データベース「世界と日本」(代表:田中明彦)
日本政治・国際関係データベース
政策研究大学院大学・東京大学東洋文化研究所

[文書名] 第3回日メコン外相会議議長声明

[場所] ハノイ
[年月日] 2010年7月21日
[出典] 外務省
[備考] 仮訳
[全文]

1.第3回日メコン外相会議は,7月21日にベトナムのハノイにおいて,第43回ASEAN閣僚会議に続いて開催された。

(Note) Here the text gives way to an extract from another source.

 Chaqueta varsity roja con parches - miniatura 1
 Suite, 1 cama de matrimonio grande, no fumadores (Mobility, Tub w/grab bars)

同会議では,ベトナム社会主義共和国のファム・ザー・キエム副首相兼外務大臣が議長を務め,日本国の岡田克也外務大臣,カンボジア王国のハオ・ナムホン副首相兼外務・国際協力大臣,ラオス人民民主共和国のアルンケオ外務大臣補佐官,ミャンマー連邦のニャン・ウイン外務大臣,タイ王国のカシット・ピロム外務大臣が出席した。

2.外相は,友好,相互理解及び協力の精神の下,メコン地域及びより広く東アジア地域における平和,発展及び繁栄のため,日メコン協力の進展及び将来の方向性を含む共通の関心事項である様々な案件について有意義な議論を行った。外相は,共通の関心を有する地域及び地球規模の課題についても意見交換を行った。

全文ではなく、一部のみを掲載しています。